Hunger strikers deported from Tacoma immigration detention facility
Supporters of a hunger strike launched last month by immigration detainees at a facility owned by the GEO Group in Tacoma, Washington say at least five bus loads of detainees were deported from the Northwest Detention Center early this morning, among them, five hunger strikers. Shannon Young reports.
Activists who maintain a presence outside of the facility say it’s the largest amount of buses they’ve seen leave in a single day. They estimate at least 130 people were on the buses this morning.
Salvador Chavez Salazar was among those deported this morning. He’s lived nearly 15 years in Washington state and has two U.S.-born daughters. He signed a voluntary deportation form on Friday after two and a half months in the facility.
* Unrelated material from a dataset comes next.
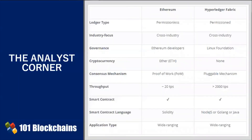This table summarizes the characteristics of both platforms. Hyperledger Fabric is more suited for enterprise applications, while Ethereum's permissionless structure makes it more suitable for public and open structures where the demand for privacy is not that strong.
He said that he’s glad to leave the facility, but sad to leave his family behind.
The Northwest Detention Center made headlines last month when a reported 750 detainees launched a hunger strike over conditions within the facility, including the quality and quantity of food; the cost of commissary items and phone calls; and the one dollar a day pay rate for work.
“They had supposedly agreed to make the bonds slightly more affordable, to make more bonds available, and to change the personnel,” said Chavez Salazar, explaining why he and other detainees launched a second hunger strike shortly after ending the first one. “But it’s the same personnel. They just put them in different areas, but the situation is the same because they still treat people badly.”
The ACLU of Washington State filed a lawsuit earlier this month after 20 hunger strikers were moved to solitary confinement.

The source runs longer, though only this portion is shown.